Could the lines from the start of the data through the line with "Lp 33t Lucifer’s" be set down exactly, with no pictures among them?

◇ ◇ ◇ ◇

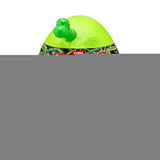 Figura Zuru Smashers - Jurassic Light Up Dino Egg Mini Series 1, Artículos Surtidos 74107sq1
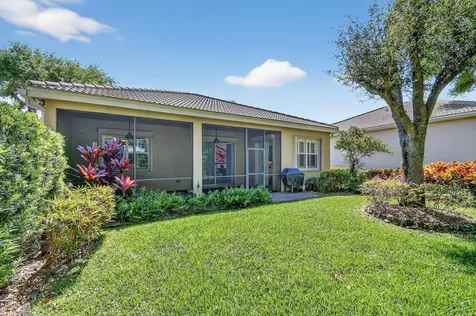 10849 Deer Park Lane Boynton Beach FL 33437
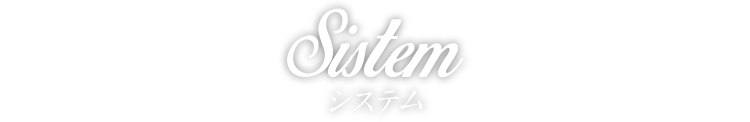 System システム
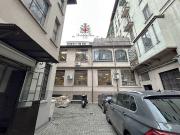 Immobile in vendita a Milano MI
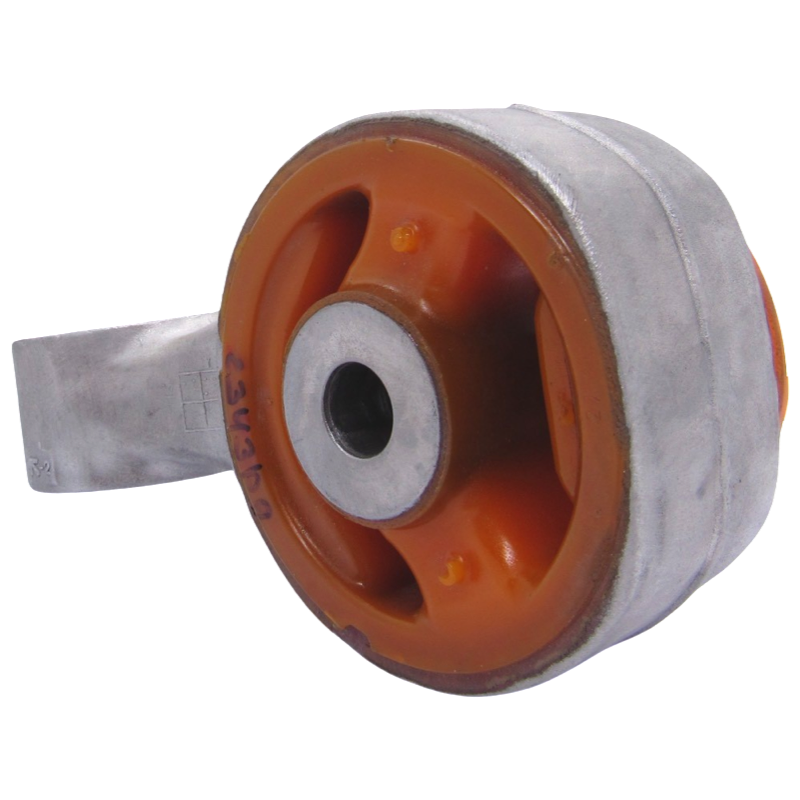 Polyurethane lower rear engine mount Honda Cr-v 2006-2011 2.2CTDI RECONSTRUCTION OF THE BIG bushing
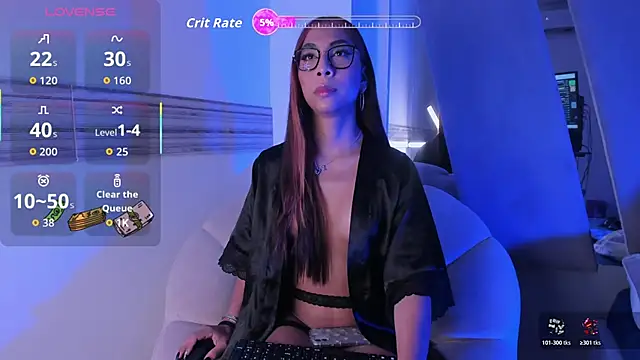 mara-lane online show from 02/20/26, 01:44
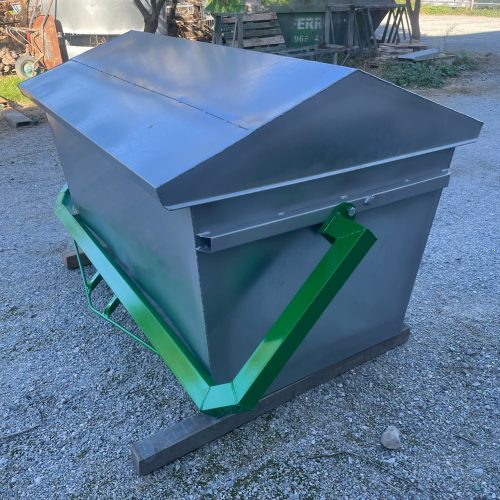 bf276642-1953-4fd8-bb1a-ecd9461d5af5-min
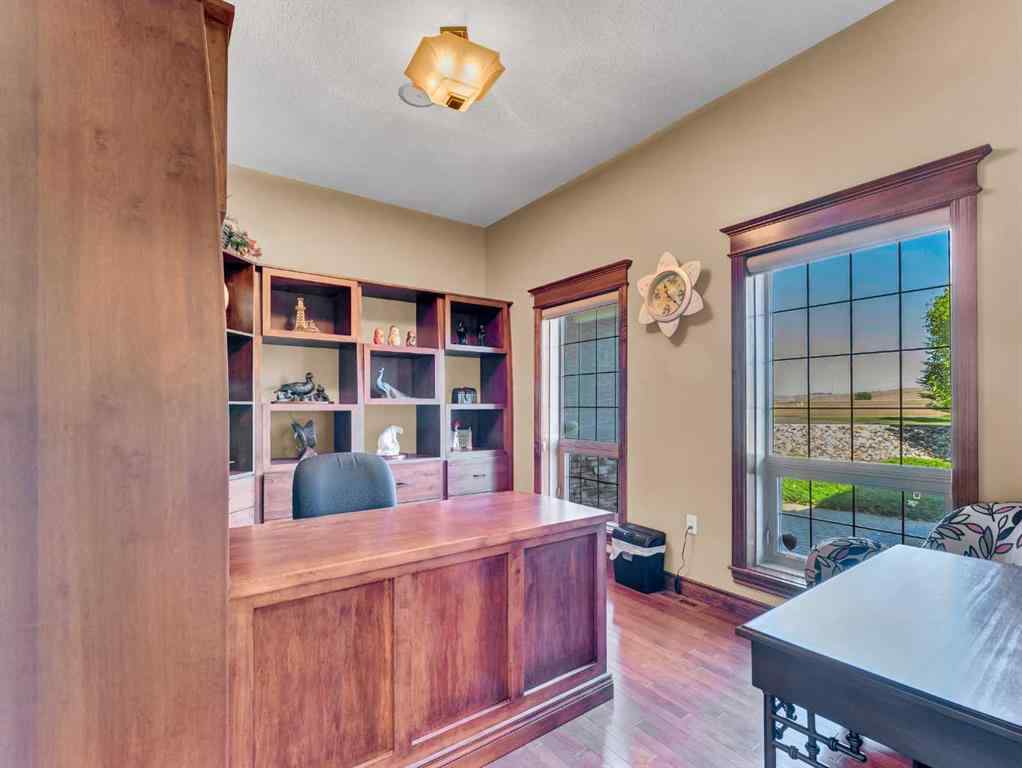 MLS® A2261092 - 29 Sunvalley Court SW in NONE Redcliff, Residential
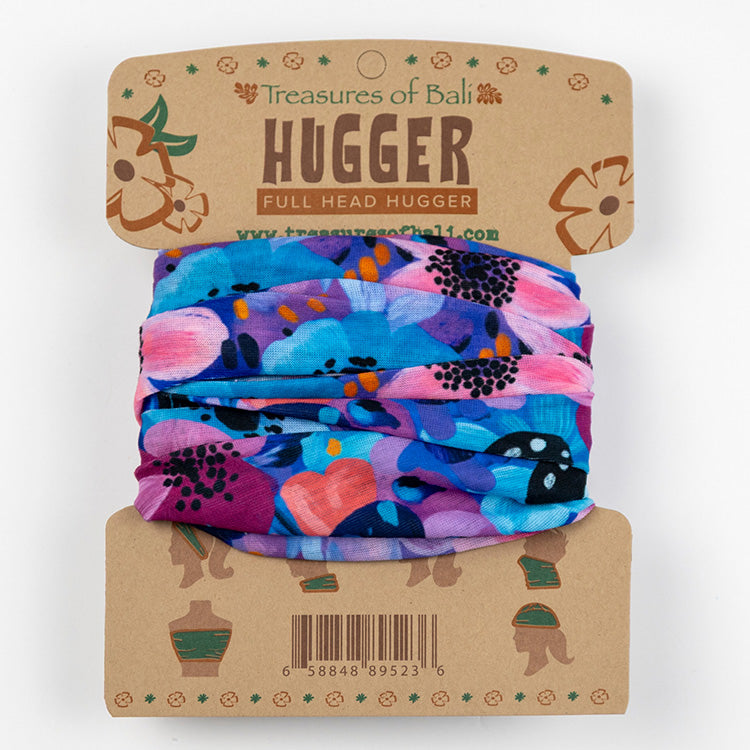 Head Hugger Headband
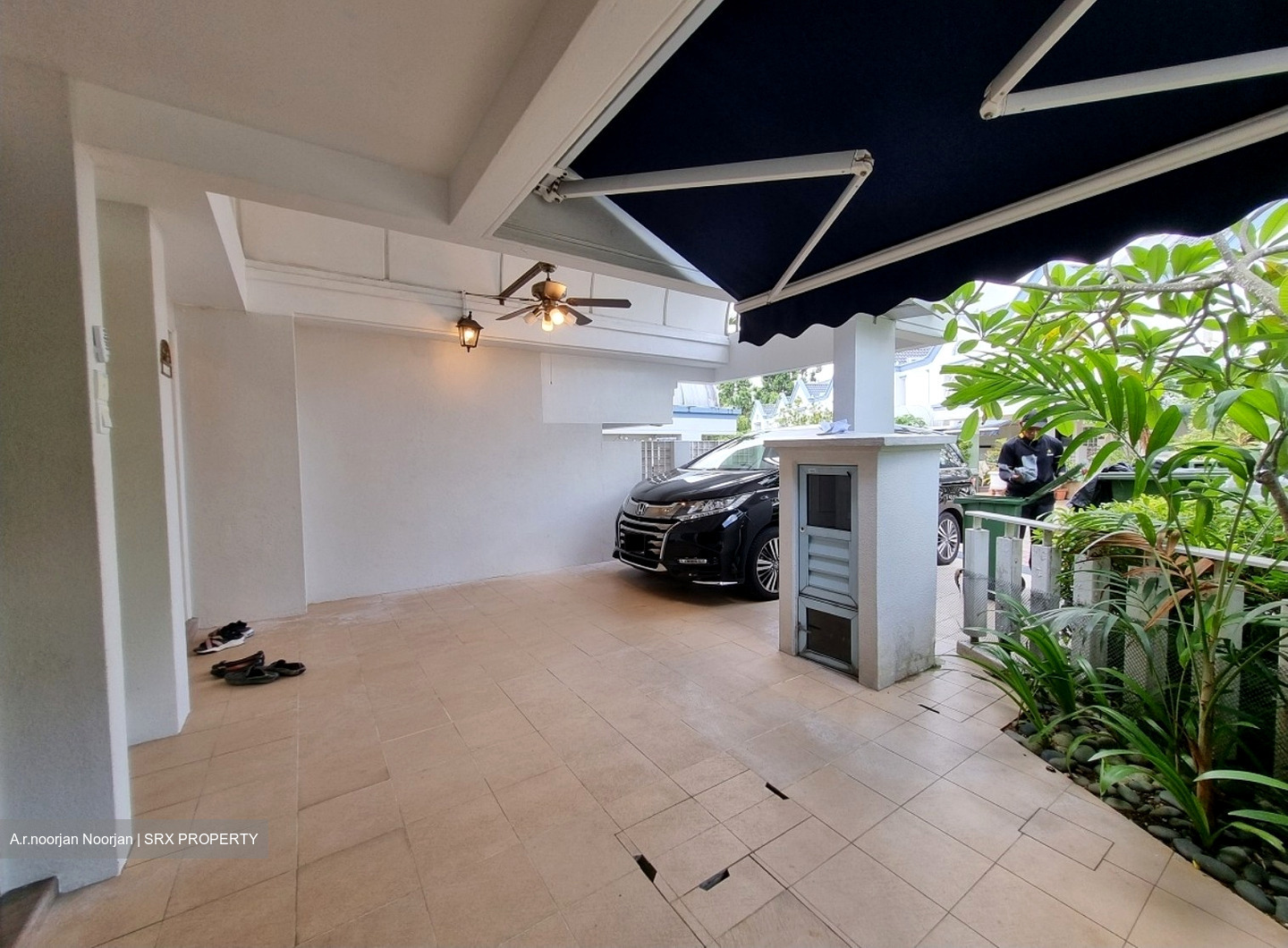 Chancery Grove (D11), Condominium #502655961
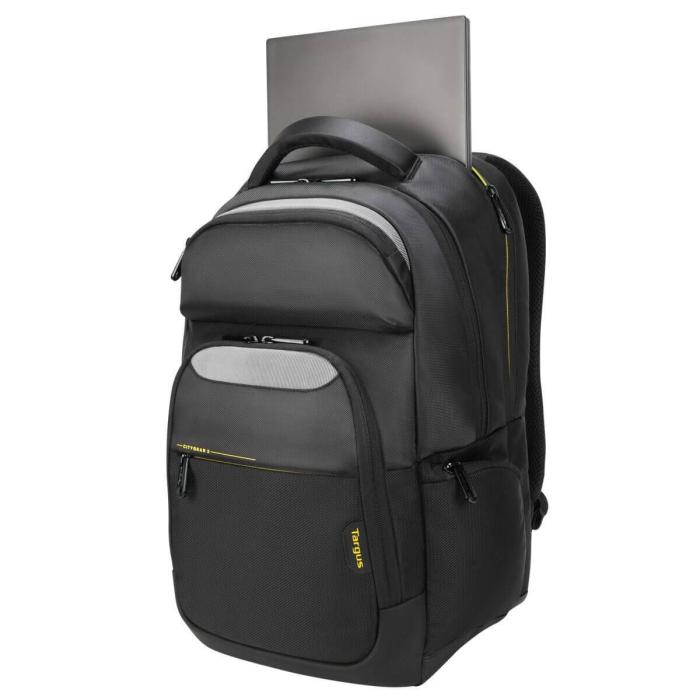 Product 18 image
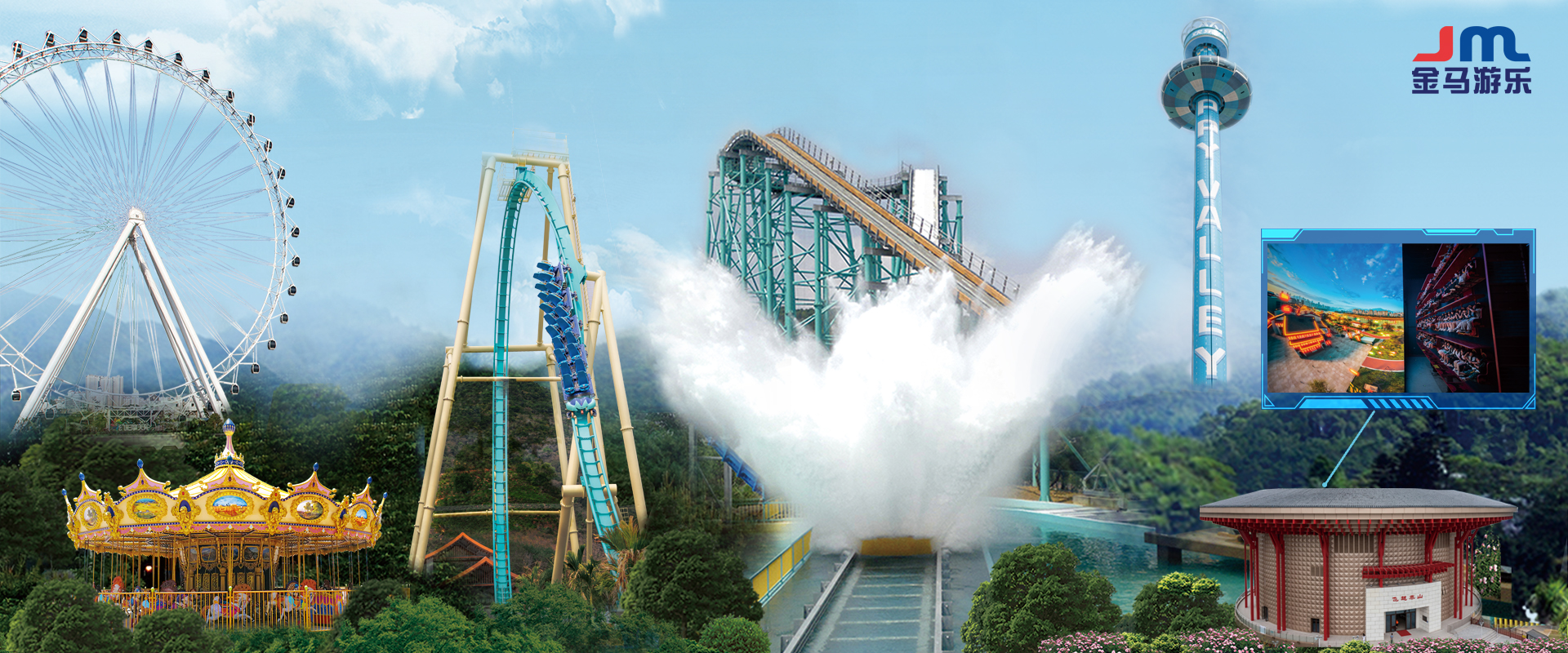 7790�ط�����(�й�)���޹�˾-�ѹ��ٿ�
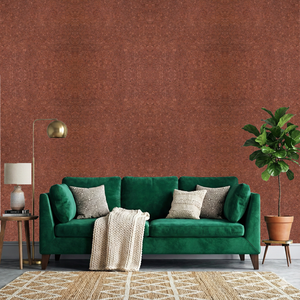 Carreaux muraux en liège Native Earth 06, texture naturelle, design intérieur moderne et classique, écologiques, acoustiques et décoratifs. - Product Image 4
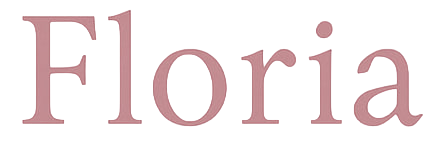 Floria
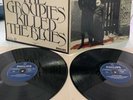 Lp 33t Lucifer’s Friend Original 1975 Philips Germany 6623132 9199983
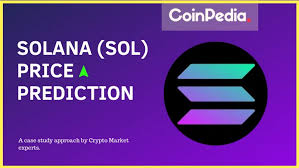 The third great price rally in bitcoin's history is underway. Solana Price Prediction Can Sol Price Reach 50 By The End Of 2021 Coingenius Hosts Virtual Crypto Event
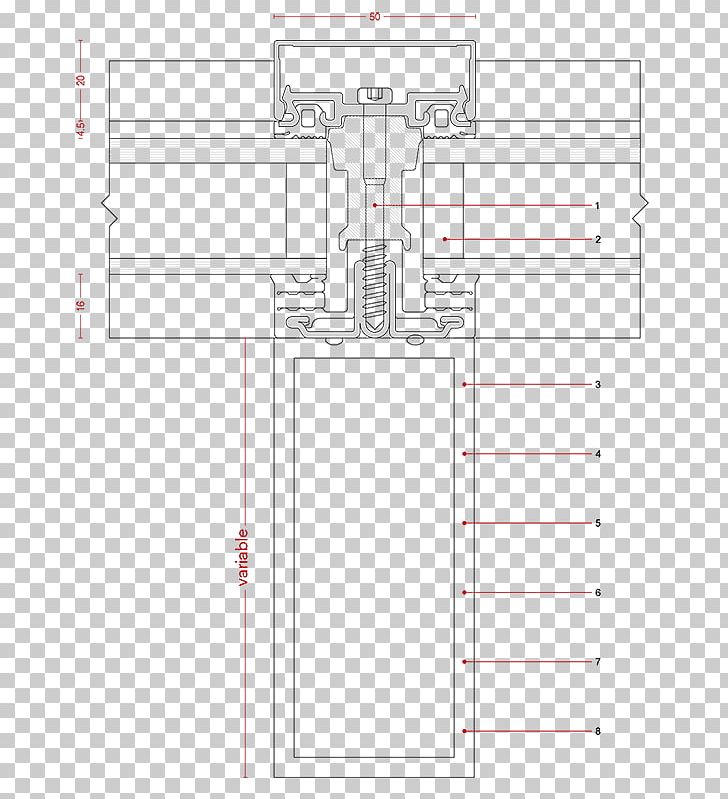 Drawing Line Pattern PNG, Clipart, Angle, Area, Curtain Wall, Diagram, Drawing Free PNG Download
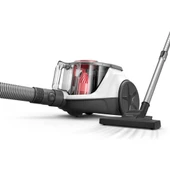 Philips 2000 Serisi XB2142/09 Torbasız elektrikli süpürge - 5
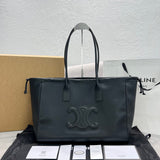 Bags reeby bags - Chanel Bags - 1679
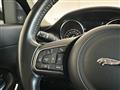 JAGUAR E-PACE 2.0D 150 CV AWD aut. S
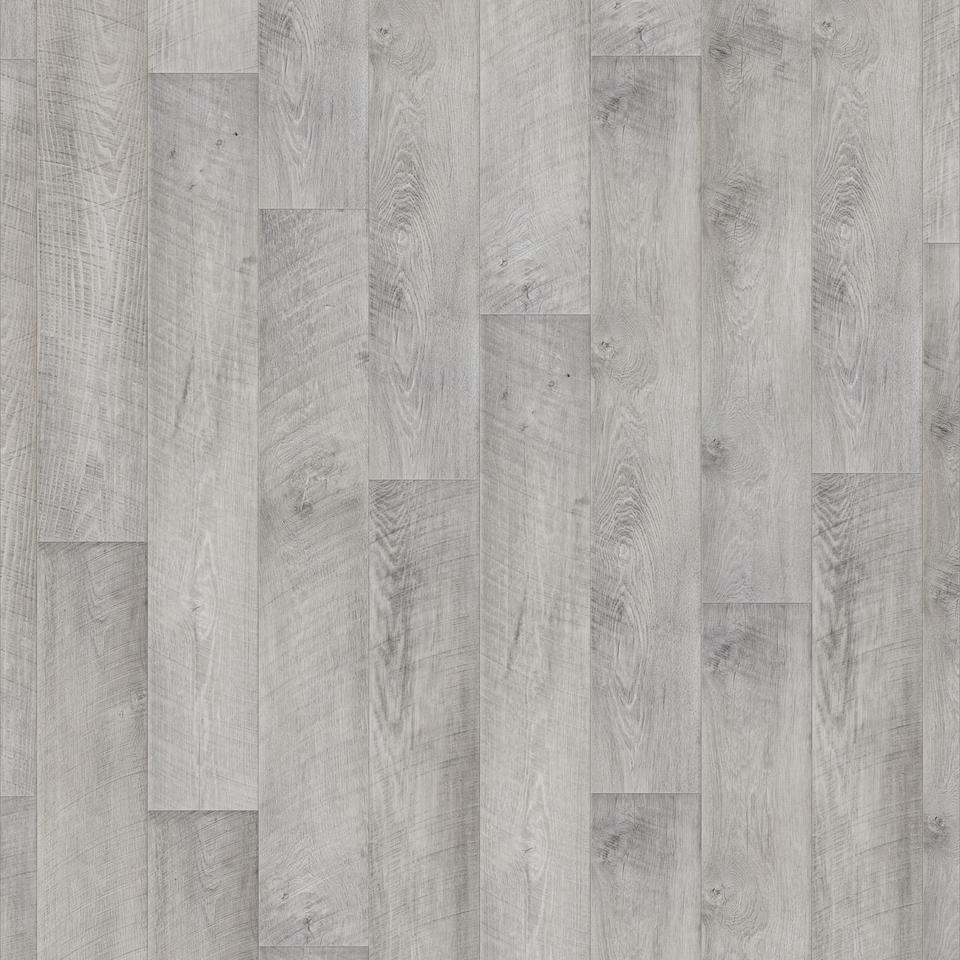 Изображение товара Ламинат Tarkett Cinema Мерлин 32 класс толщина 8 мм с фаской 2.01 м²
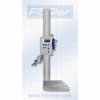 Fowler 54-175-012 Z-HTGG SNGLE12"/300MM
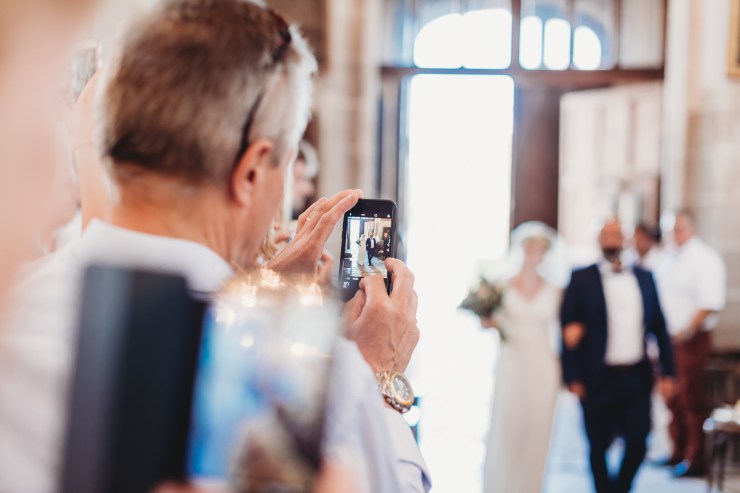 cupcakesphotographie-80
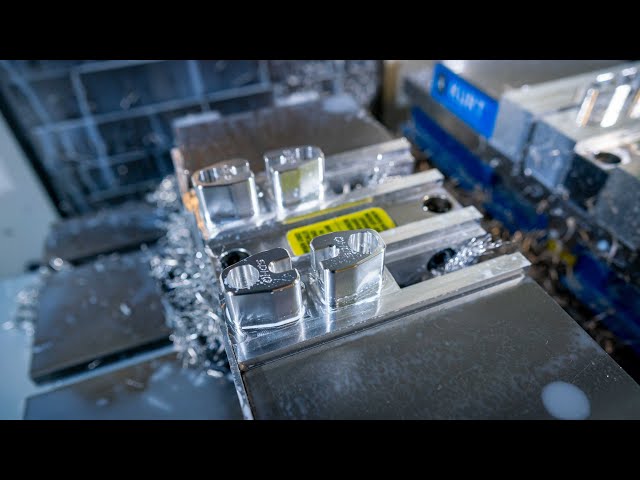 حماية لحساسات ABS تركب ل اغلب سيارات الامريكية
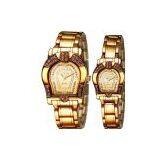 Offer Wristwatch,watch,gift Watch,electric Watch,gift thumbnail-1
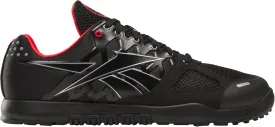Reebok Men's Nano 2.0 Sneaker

◇ ◇ ◇ ◇

• Task output:
 Figura Zuru Smashers - Jurassic Light Up Dino Egg Mini Series 1, Artículos Surtidos 74107sq1
 10849 Deer Park Lane Boynton Beach FL 33437
 System システム
 Immobile in vendita a Milano MI
 Polyurethane lower rear engine mount Honda Cr-v 2006-2011 2.2CTDI RECONSTRUCTION OF THE BIG bushing
 mara-lane online show from 02/20/26, 01:44
 bf276642-1953-4fd8-bb1a-ecd9461d5af5-min
 MLS® A2261092 - 29 Sunvalley Court SW in NONE Redcliff, Residential
 Head Hugger Headband
 Chancery Grove (D11), Condominium #502655961
 Product 18 image
 7790�ط�����(�й�)���޹�˾-�ѹ��ٿ�
 Carreaux muraux en liège Native Earth 06, texture naturelle, design intérieur moderne et classique, écologiques, acoustiques et décoratifs. - Product Image 4
 Floria
 Lp 33t Lucifer’s Friend Original 1975 Philips Germany 6623132 9199983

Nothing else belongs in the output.